We have gone through the record in the light of the submissions made by the Revenue. It is the factual finding of the Ld. CIT(A) that the disputed sum of Rs. 1.94 crores is a part of the declared amount of Rs. 10 crores and it is found place in the return of income filed by the assessee. We do not find any basis to countenance the contention of the assessee that the amount which could be attributable to the seized material was quantified and whatever the balance that is left out of the declared amount, that alone was shown as “others”. There is no material before us to conclude that the amount of Rs. 1.94 crores includes the amount of Rs.1,60,77,374/- added in the hands of the group company is also a part of the declared amount of Rs. 1.94 crores.
From the beginning the amount of Rs. 1.94 crores is maintained to be the amount kept at a secret place. In such an event it has got its own identity, and we do not find any plausible reason for the assessee now to contend that the amount which is attributable to the seized material has to be deducted from such declared amount of Rs. 1.94 crores. There is no factual basis for this submission made by the assessee before the Ld. CIT(A). Without any evidence touching this aspect or clear workout, it is not possible to accept the contention of the assessee.

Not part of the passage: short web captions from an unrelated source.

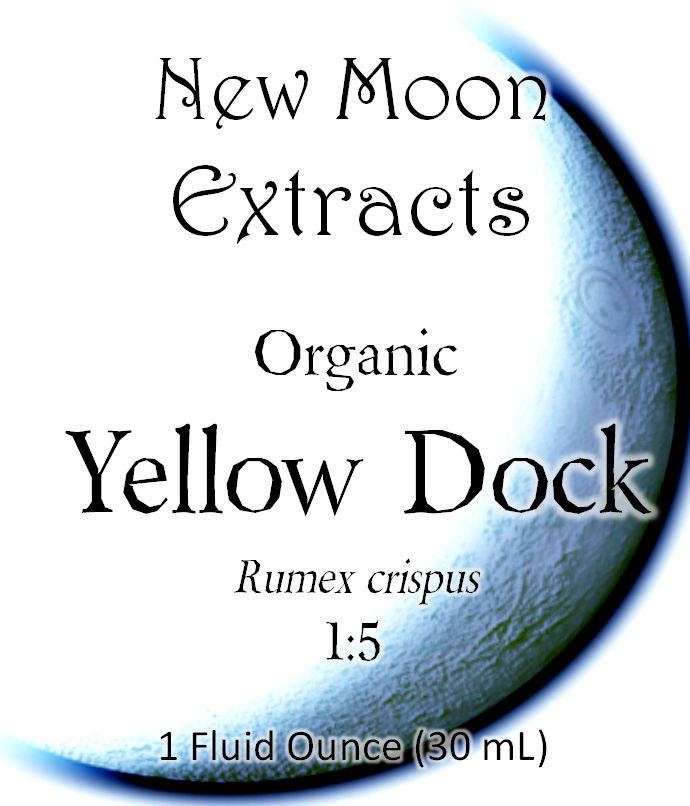 Yellow Dock Tincture (Organic)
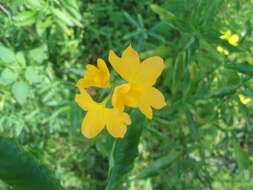 Image of Crossandra infundibuliformis (L.) Nees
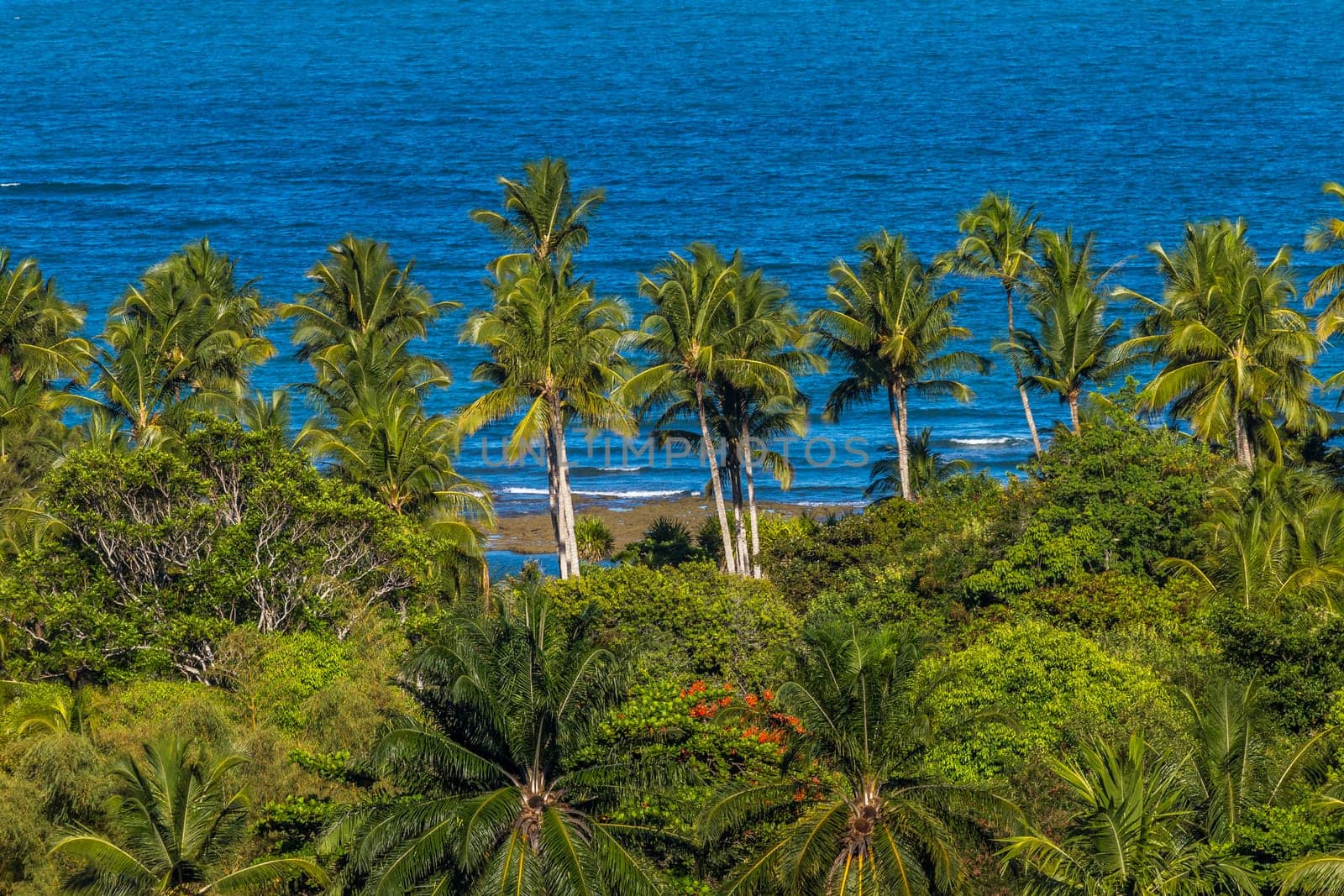 Idyllic Porto Seguro Beach at sunrise in Trancoso, Porto Seguro, BAHIA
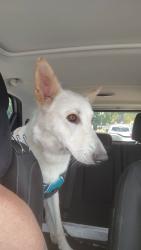 Found/Stray Male Dog last seen Ballpark and 271 North , Gilmer, TX 75644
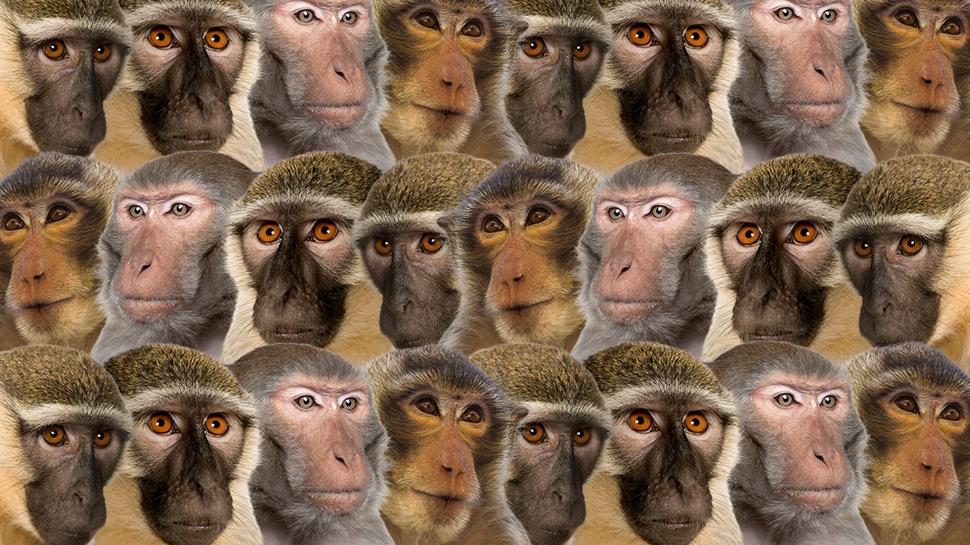 Zeka testi: Maymunlar�n aras�ndaki sakl� civciv nerede? 750 ki�iden 11'i ba�ar�l� oldu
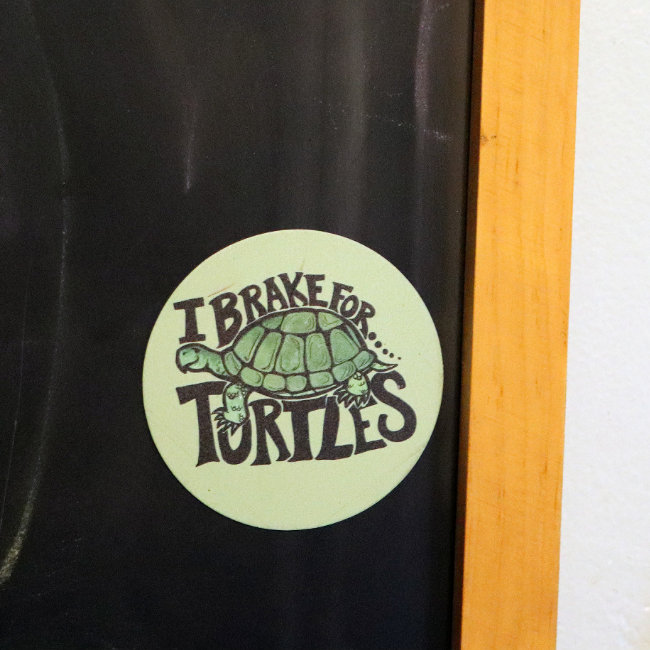 I Brake for Turtles Car Magnet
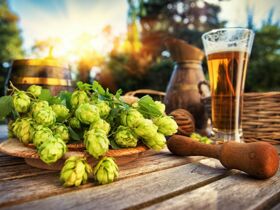 Bierige Ostern im Brauhaus Müritz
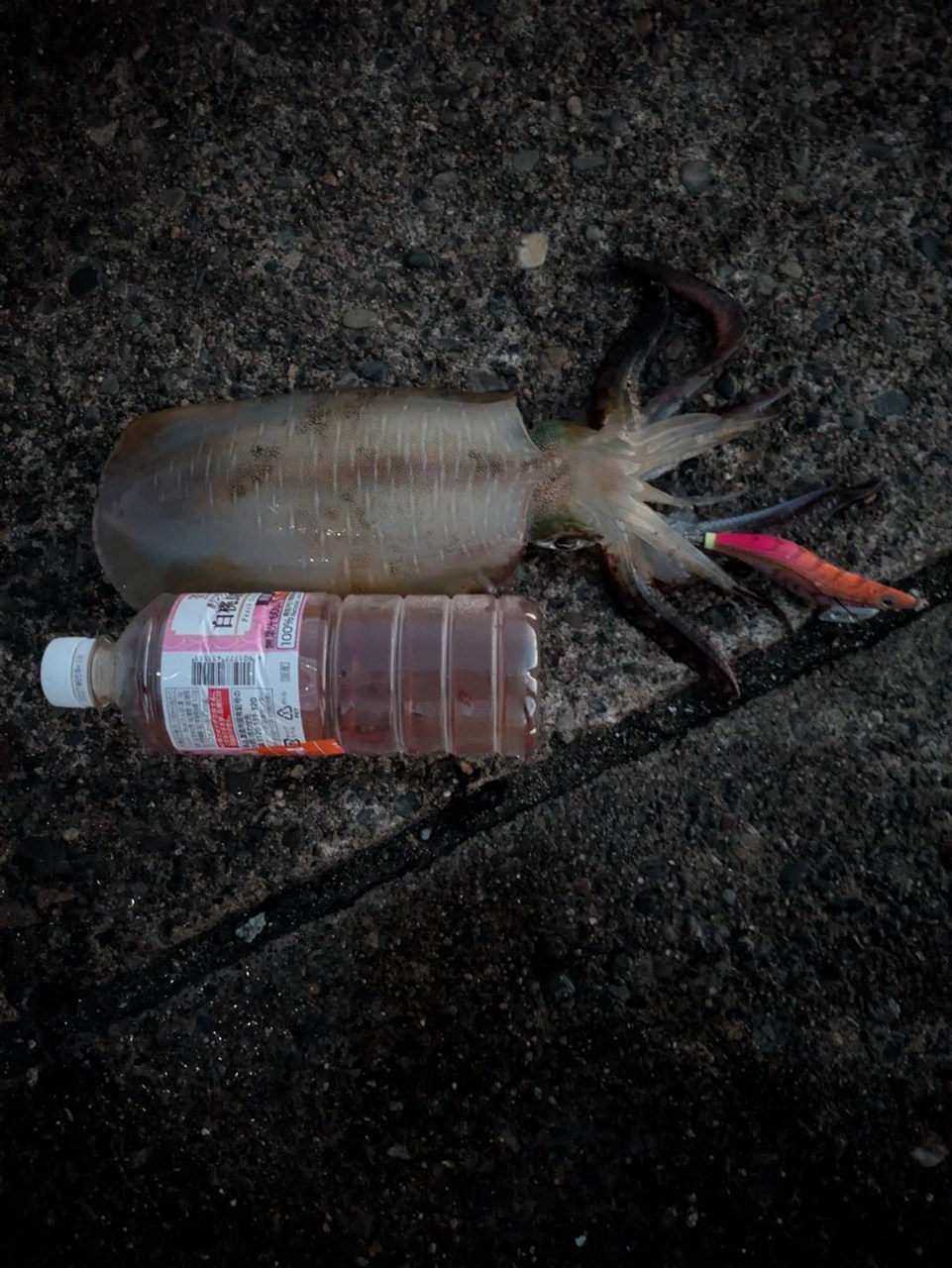秋のイカ釣りの季節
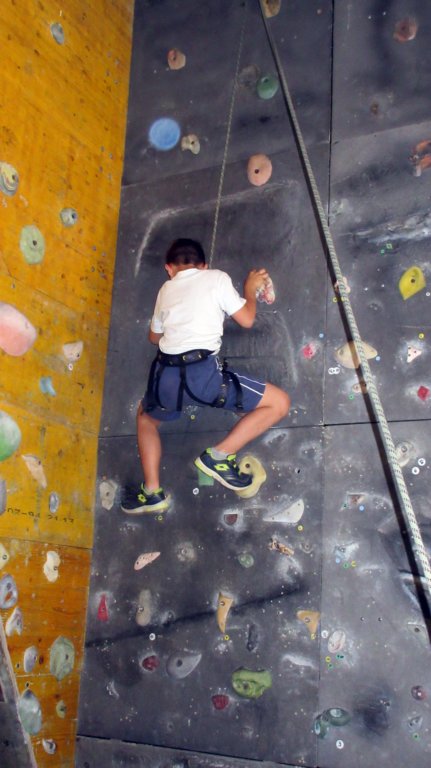 feeclimbing39.jpg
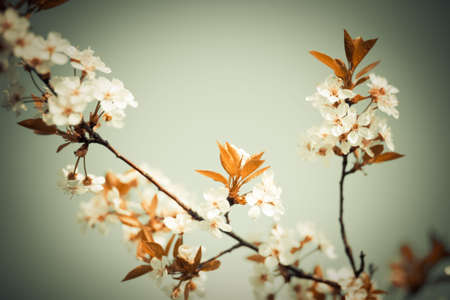 Abstract colors unreal cherry blossom background. Artistic colored image. Soft, low aperture shootの写真素材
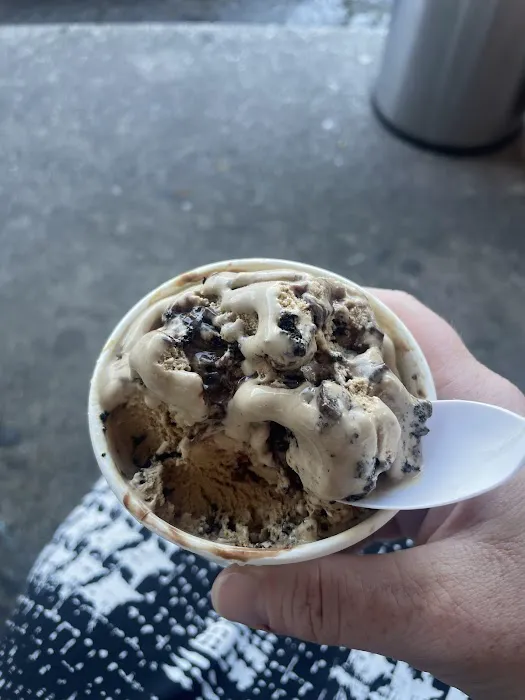 Daily Scoop Picture 1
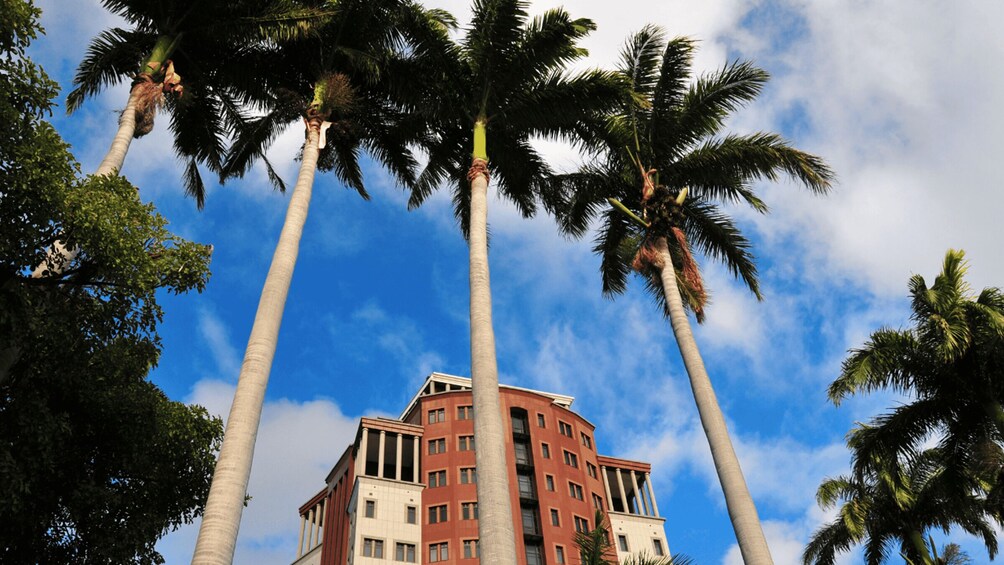 A building surrounded by tall palm trees against a blue sky with clouds. 4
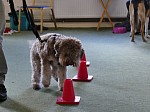 International Animal Behaviour and Training Centre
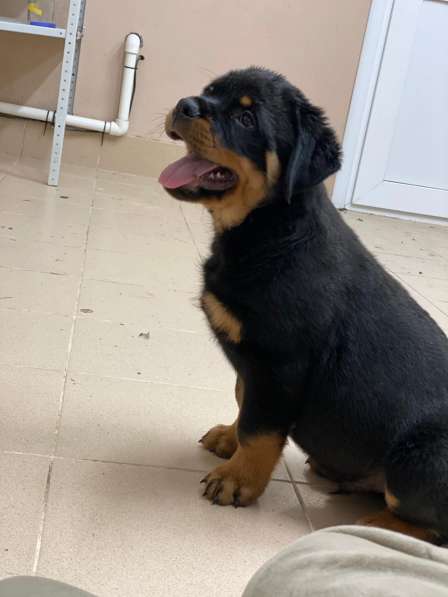 Puppy boy Rottweiler 03.10.2020 в фото 8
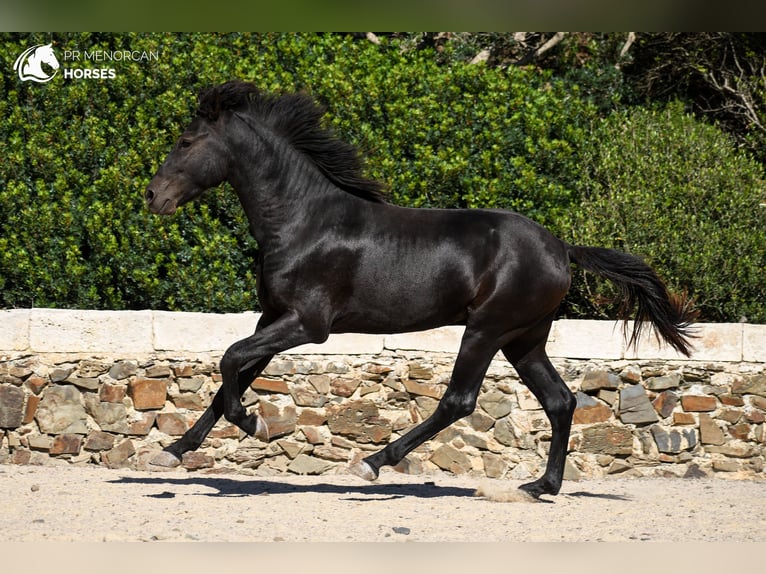 Minorquin Étalon 4 Ans 154 cm Noir in Menorca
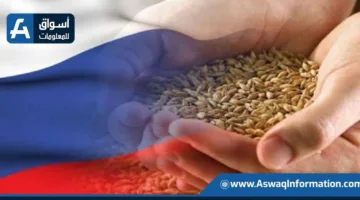 روسيا تحقق حصادًا كبيرًا من الحبوب بواقع 75 مليون طن مع ارتفاع الإنتاج الزراعي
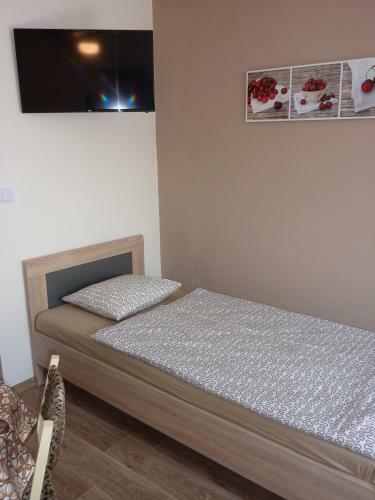 Hostal Penzion ?ech
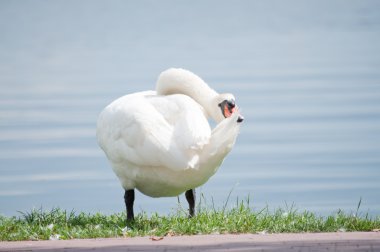 Tek Beyaz Kuğu Gölü kıyısında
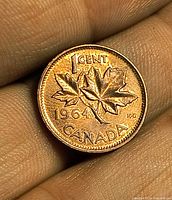 Reverse of 1964 Canada 1 cent coin showing maple leaves and date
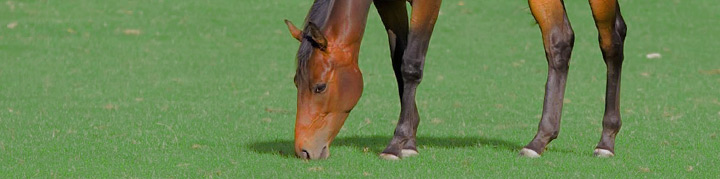 Horse eating paddock grass - Boston Seeds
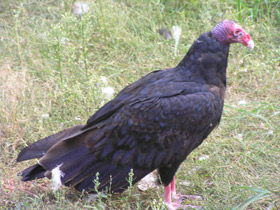 Фото Гриф-индейка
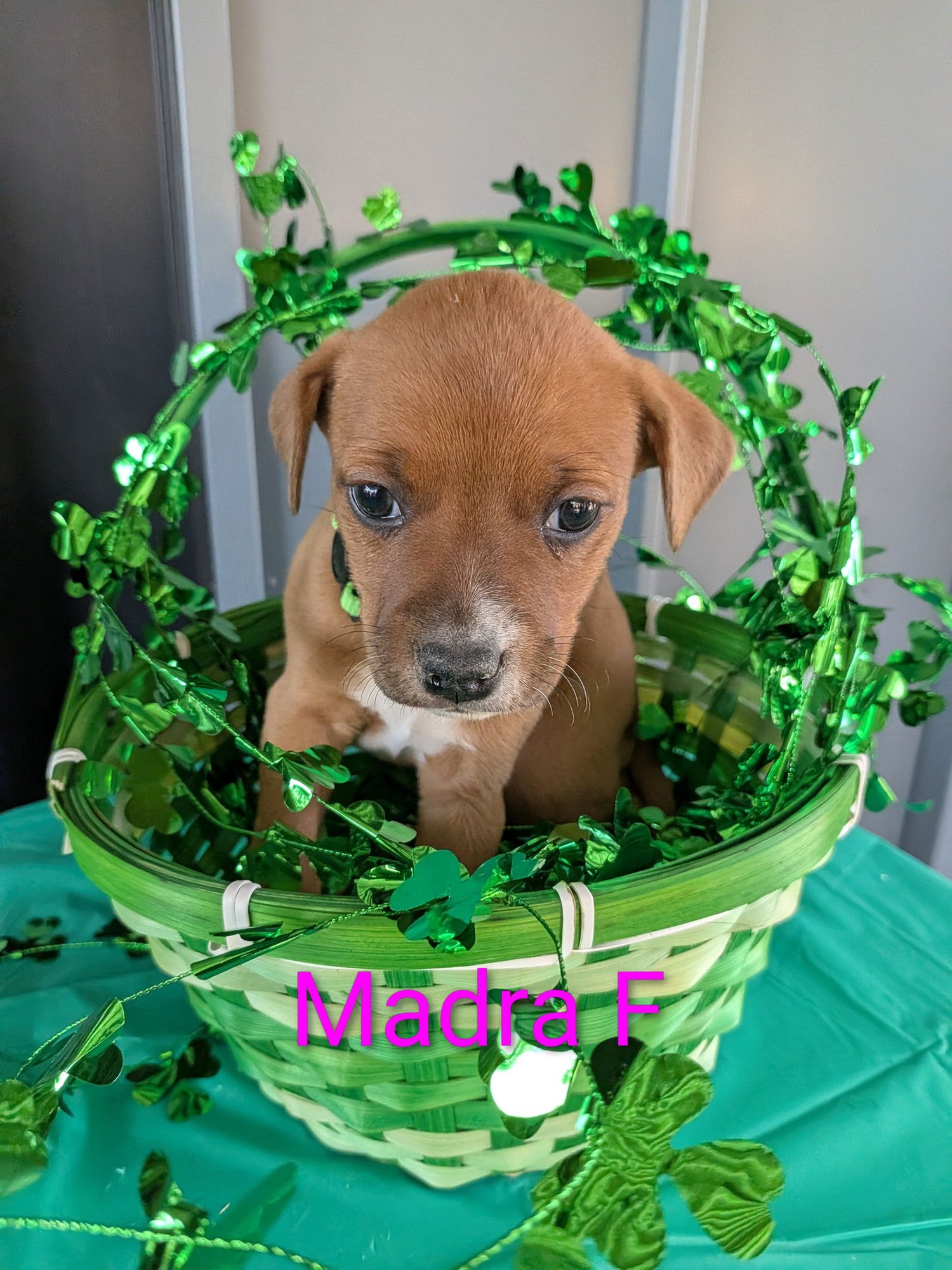 MADRA - Terrier / Labrador Retriever for adoption in Charlotte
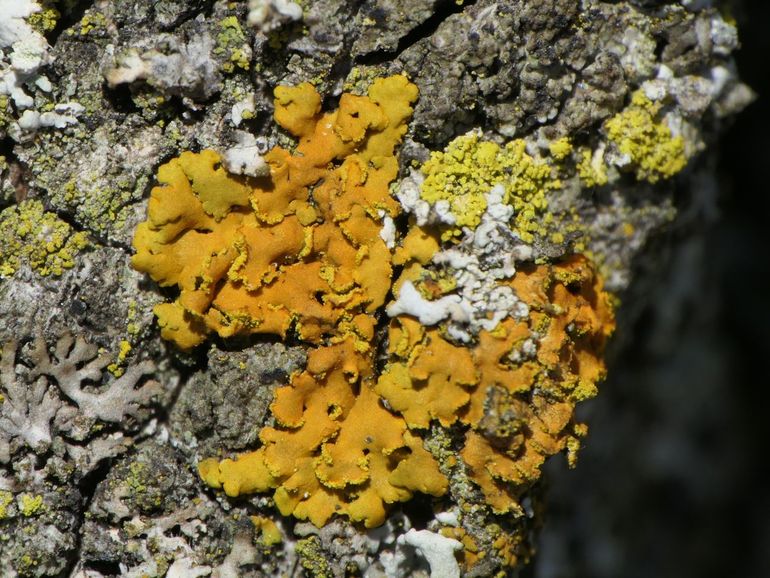 Dragonderdooiermos heeft een prachtige oranje kleur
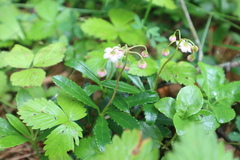 Chimaphila umbellata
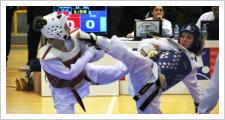 Resultados del Campeonato de Andalucía de taekwondo senior en Antequera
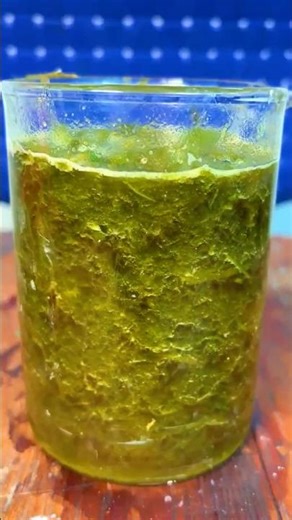 DIY Paper Making from Grass!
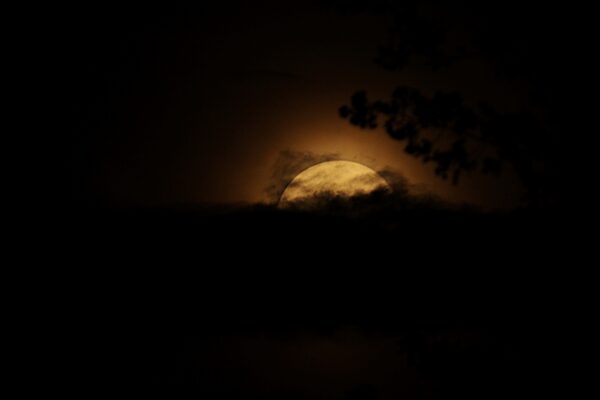 yellow glowing moon pops out of top of clouds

We therefore find it difficult to subscribe to the contentions raised by the assessee before the Ld. CIT(A) and accordingly find that the order of the Ld. CIT(A) does not suffer any illegality or irregularity. We therefore while upholding the conclusions reached by the Ld. CIT(A), find the grounds of appeal of the assessee as devoid of merits and the appeal is liable to be dismissed. We accordingly do so.
In the result, appeal of the assessee is dismissed. Order pronounced in the Open Court on 6TH January, 2020.